Installé parmi les spectateurs, deux jours avant un discours en ‘prime time’ jeudi, lors duquel il doit formellement accepter l’investiture du Parti républicain, Donald Trump a souri et applaudi ses anciens rivaux.

La symbolique était d’autant plus forte que se trouvait à ses côtés le sénateur J.D. Vance, officialisé la veille comme son colistier, fervent détracteur de Donald Trump avant d’effectuer un virage pour se rapprocher de ce dernier, reprenant ses positions conservatrices et ses accusations selon lesquelles il a été victime d’une fraude électorale en 2020.

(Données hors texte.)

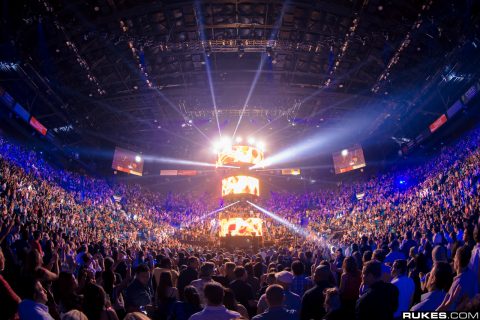 Swedish House Mafia feat. Usher @ iHeartRadio 2012 (Las Vegas, NV) - September 21, 2012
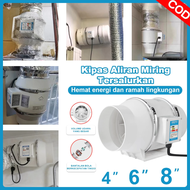 8 inch Kipas ventilasi multi fungsi fentilasi udara blower kipas inch penyedot asap udara ruangan ki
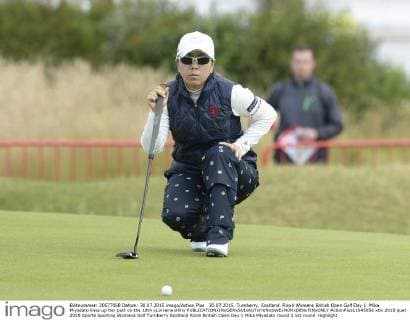 Golf, Ladies, British Open Day 1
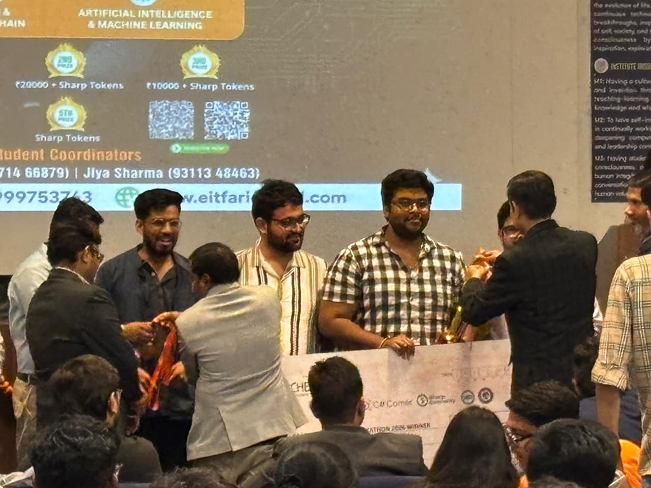 hackathon winning team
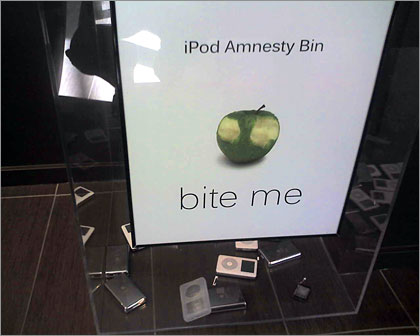 iPod Amnesty Bin 恩赦箱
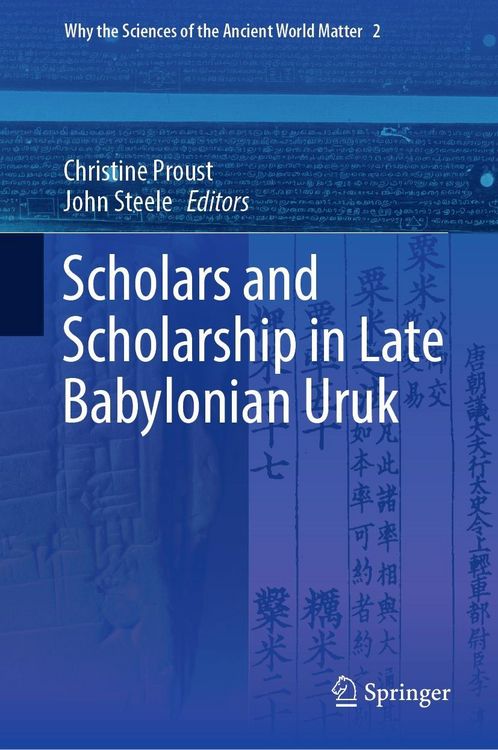 Produktbild: Scholars and Scholarship in Late Babylonian Uruk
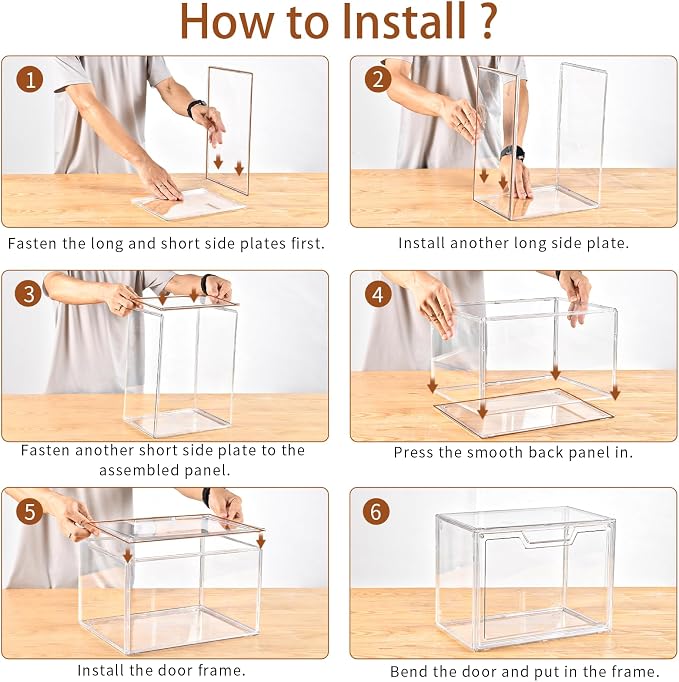 Stackable Storage Bins, Collectibles & Figures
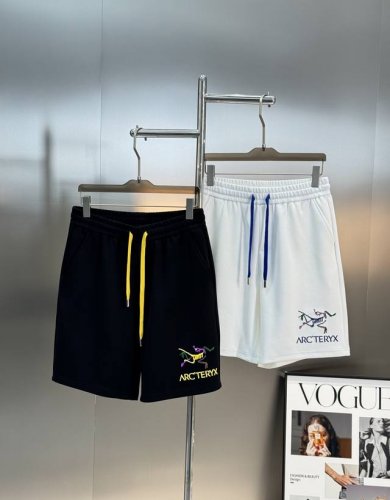 短袖 短裤 Arctery*始祖*鸟2025S春夏限定款短裤可搭配套装.男女同款 兜位下方采用3D立体烫画工艺 立体又时尚.经典品牌标识.后兜位原版经典鸟标识.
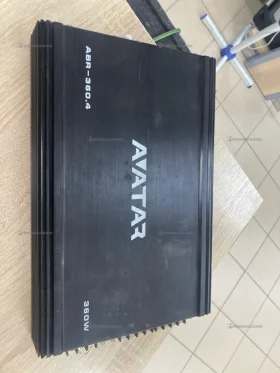 Купить Усилитель  AVATAR ABR-360.4 б/у , в Пенза Цена:3900рублей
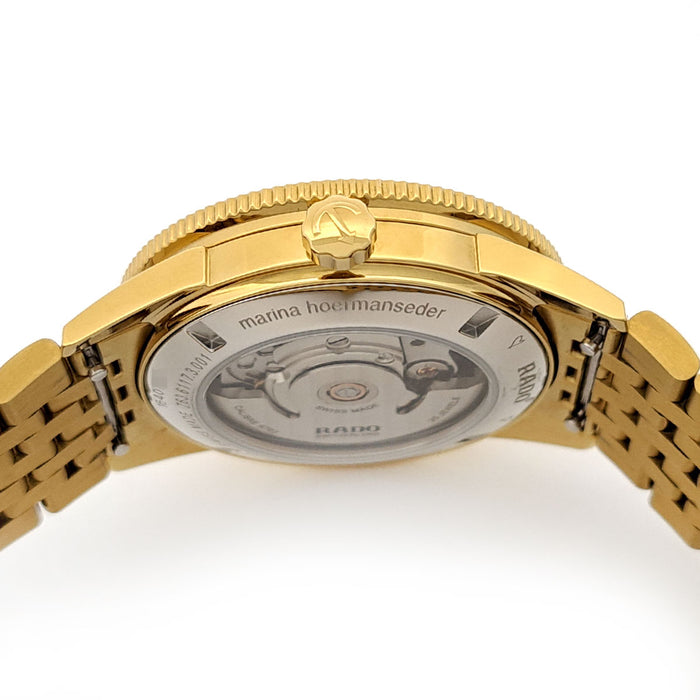 RADO 
キャプテンクック マリア ホーマンセダー ハートビート 
箱ギャラ付
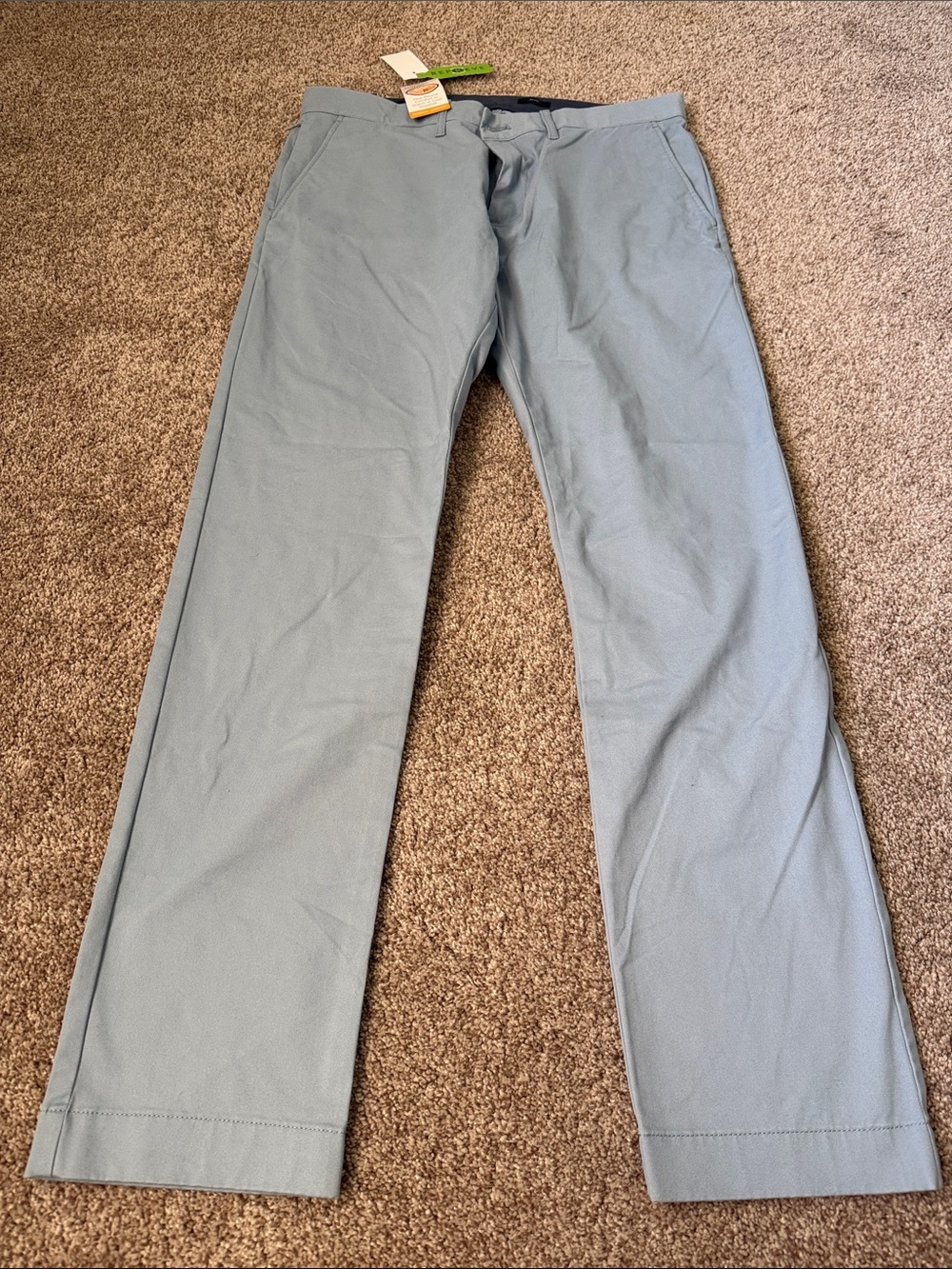 J. Crew Light Blue TruTemp Men’s Chinos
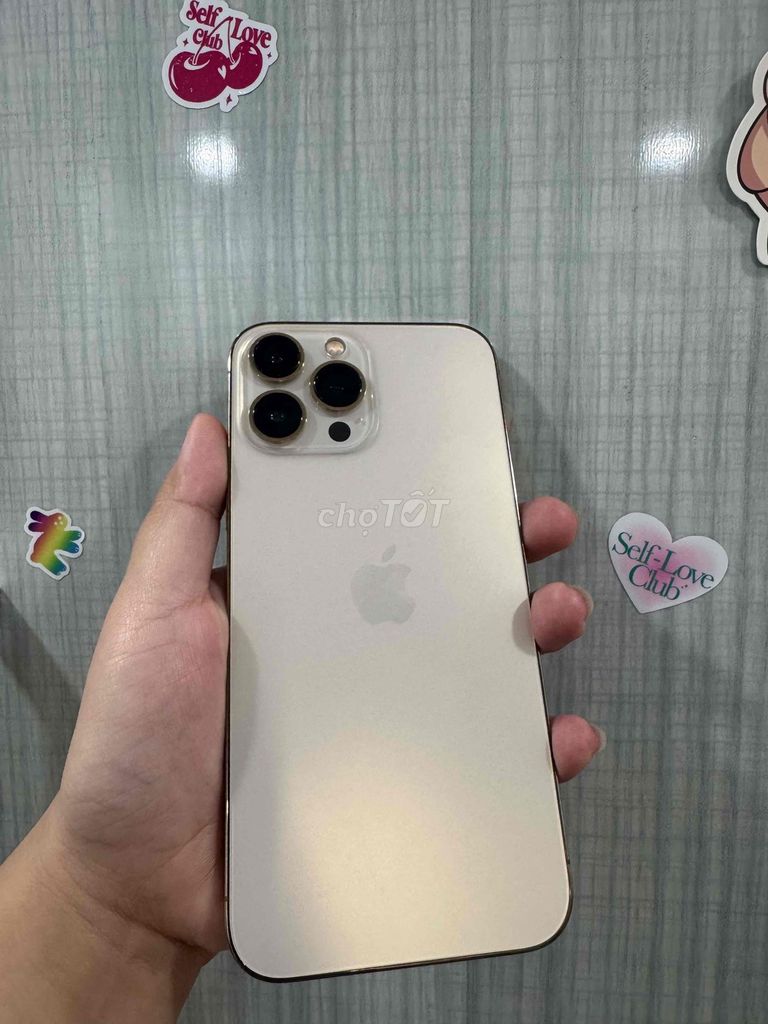 Apple iPhone 13 Pro Max 128GB Vàng 83%. Mua bán Điện thoại tại Quận Phú Nhuận Tp Hồ Chí Minh được đăng bởi ming nguyen hình 1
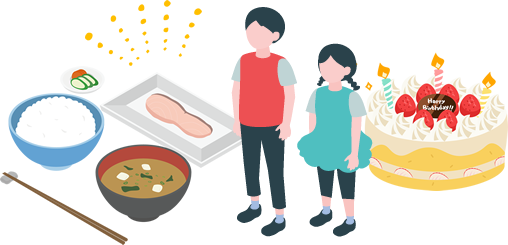 みんなでたのしくおしょくじマナー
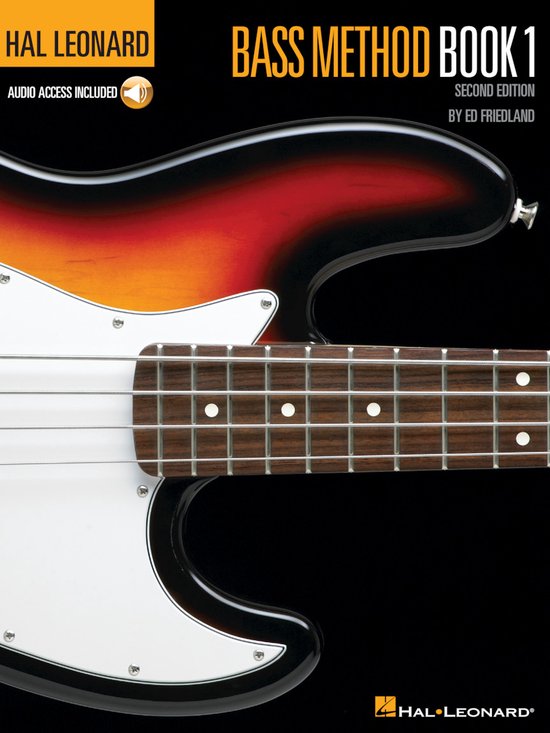 Hal Leonard Electric Bass Method Book 1 Second Edition BookC ... - cover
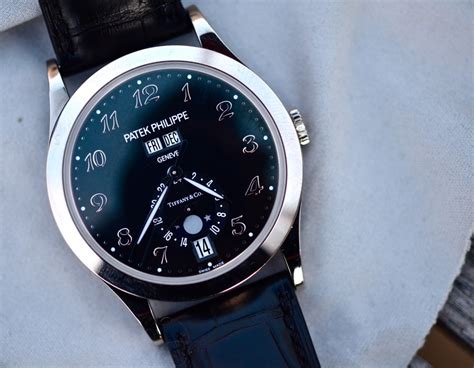 patek philippe 5396g tiffany limited|most expensive tiffany watch.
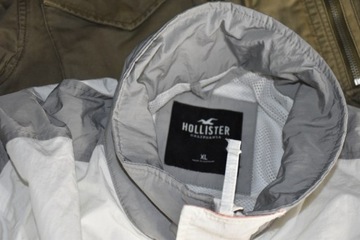 Hollister Kurtka męska XL nylon pullover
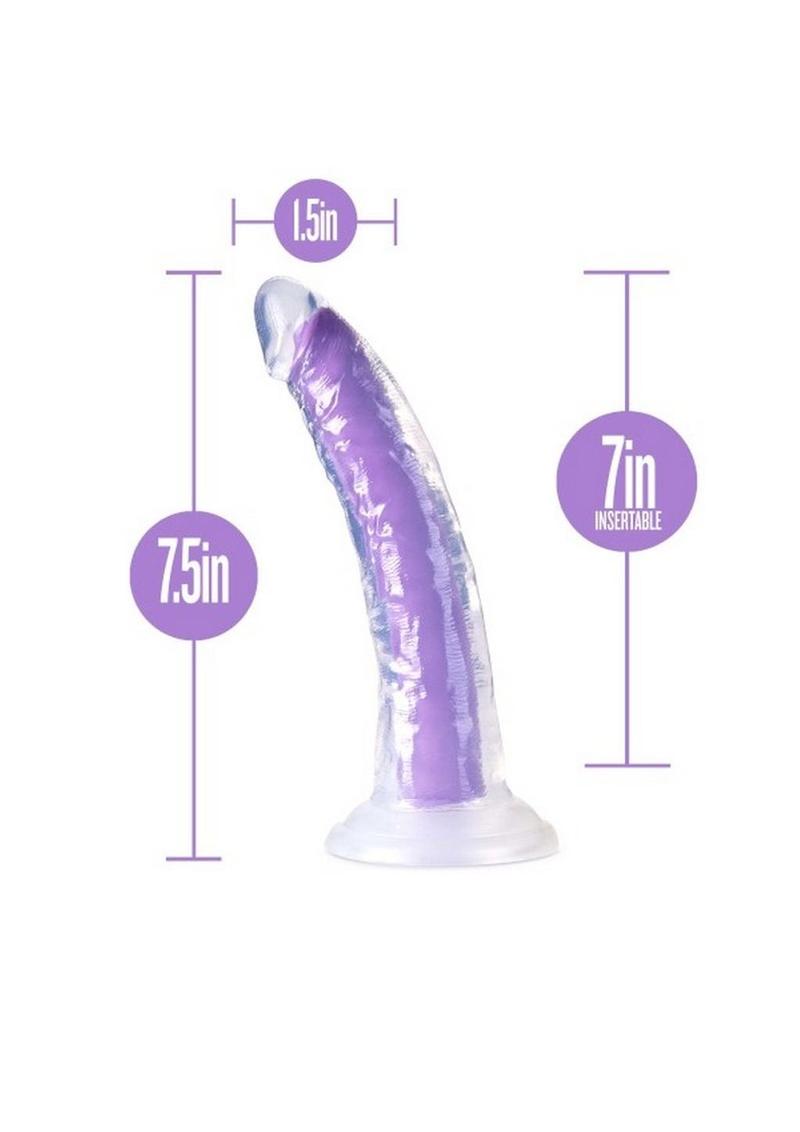 Load image into Gallery viewer, Neo Elite Glow In The Dark Light Silicone Dual Dense Dildo
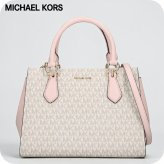 マイケルコース ショルダーバッグ レディース アウトレットブランド MICHAEL KORS マリリン 2WAY 35F5G6AS2B-PBMT PWD BLSH MLT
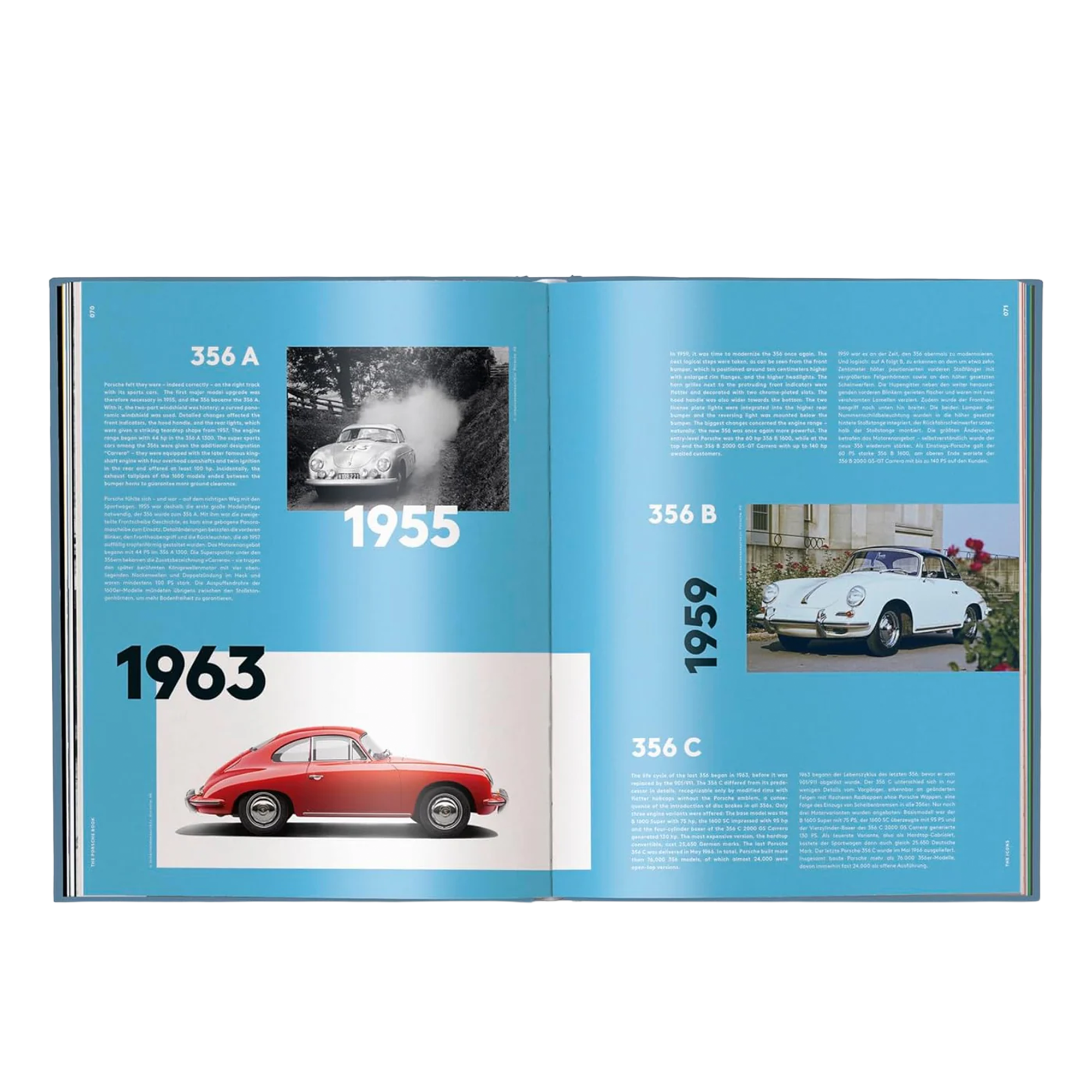 The Porsche Book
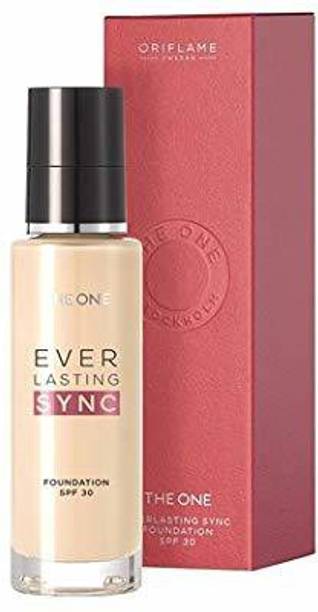 Oriflame Sweden sync foundation light beige neutral Foundation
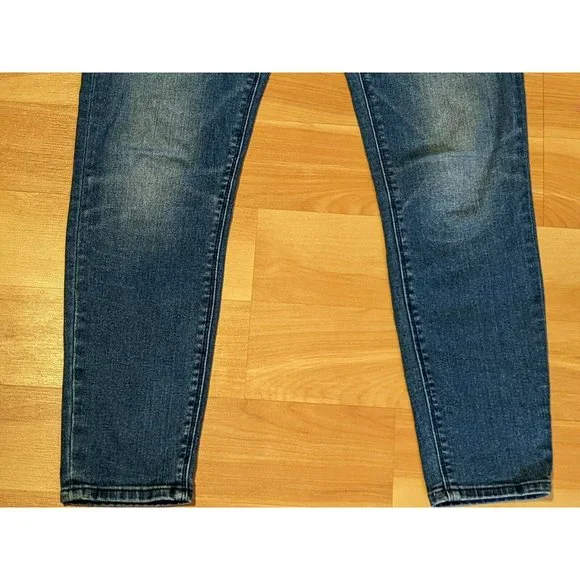 Hudson Womens Size 28 Krista Crop Super Skinny Jeans - Picture 2 of 9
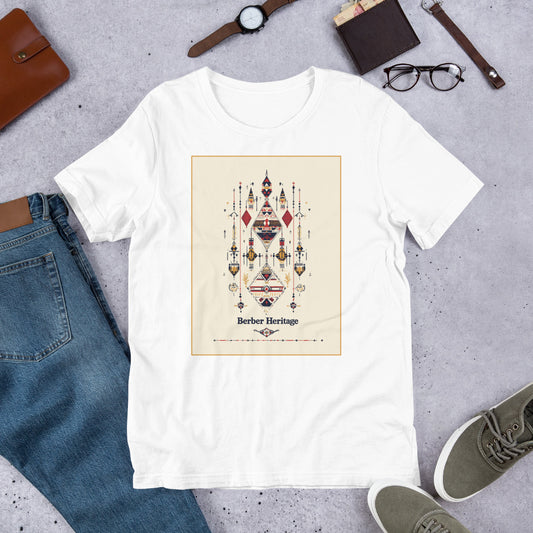 Berber Heritage - Honoring Tradition and Craftsmanship - Men's T-shirt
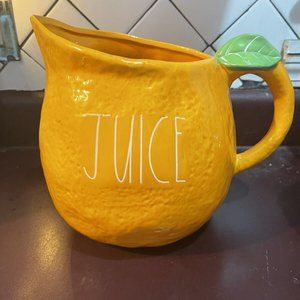 Rae Dunn Orange Juice Pitcher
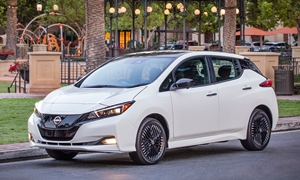 Nissan LEAF vs. Chevrolet Volt Price Comparison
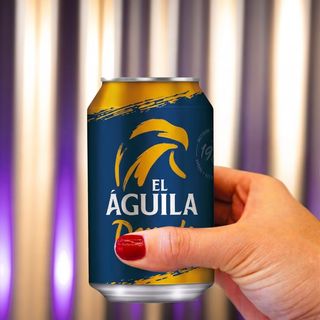Cerveza Aguila Dorada (33 cl)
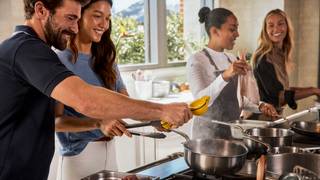 Festive Holiday Interactive Cooking Class photo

Cette image d’harmonie se voulait un contraste avec le Parti démocrate, miné par des divergences à propos du maintien de Joe Biden comme candidat à la suite de sa prestation jugée désastreuse lors du débat face à Donald Trump le 27 juin dernier, qui a accentué les interrogations sur son âge et ses facultés mentales.

Sécurité et immigration

Principalement axés sur le thème de la sécurité, les discours prononcés ce mardi 16 juillet, lors de la deuxième journée de la convention nationale du Parti républicain, ont été plus agressifs que la veille, les orateurs dénonçant ardemment la politique de Joe Biden à la frontière Sud des États-Unis d’Amérique qui met, selon eux, le pays en danger.

Kari Lake et Bernie Moreno, qui briguent tous les deux un siège au Sénat lors des élections de novembre – des dizaines de sièges du Congrès seront en jeu -, respectivement en Arizona et dans l’Ohio -, et le sénateur du Texas, Ted Cruz, ont évoqué une « invasion » d’ immigrants clandestins.

Il s’agit de propos s’inscrivant dans le cadre de la rhétorique anti-immigration utilisée de longue date par Donald Trump, qui reproche aux démocrates une vague de crimes commis, selon lui, par les immigrants venus d’Amérique Centrale.

En cas de retour à la Maison Blanche, Donald Trump a promis d’endiguer l’immigration illégale et de mettre en place le plus important processus de déportation de l’histoire des États-Unis, se disant prêt à faire appel à des soldats si nécessaire.

Une rhétorique sur un fil

Le ton adopté mardi soir à Milwaukee contredit le message d’apaisement et d’unité nationale promis par Donald Trump à la suite de la tentative d’assassinat à son encontre.

Comme la veille pour sa première apparition publique depuis l’incident, Donald Trump, bandage autour de l’oreille droite, a été accueilli par une ovation lorsqu’il a effectué son entrée dans la salle de la convention, aux alentours de 20 h. Il est apparu plus exubérant que lundi, lorsqu’il avait semblé ému et plus calme qu’à son habitude.

La tentative d’assassinat contre Donald Trump, lors de laquelle une personne a été tuée par balle avant que l’assaillant ne soit abattu, a ravivé les craintes parmi les états-uniens sur la profonde polarisation du pays en amont de l’élection présidentielle, le souvenir de « l’insurrection » du 6 janvier 2021 au Capitole de Washington étant par ailleurs toujours présent.

Un sondage Reuters/Ipsos, publié ce même mardi, montre que 80 % des électeurs états-uniens – dont des parts égales d’électeurs républicains et démocrates – sont d’accord avec l’idée que « le pays bascule hors de contrôle » depuis la tentative d’assassinat contre Donald Trump.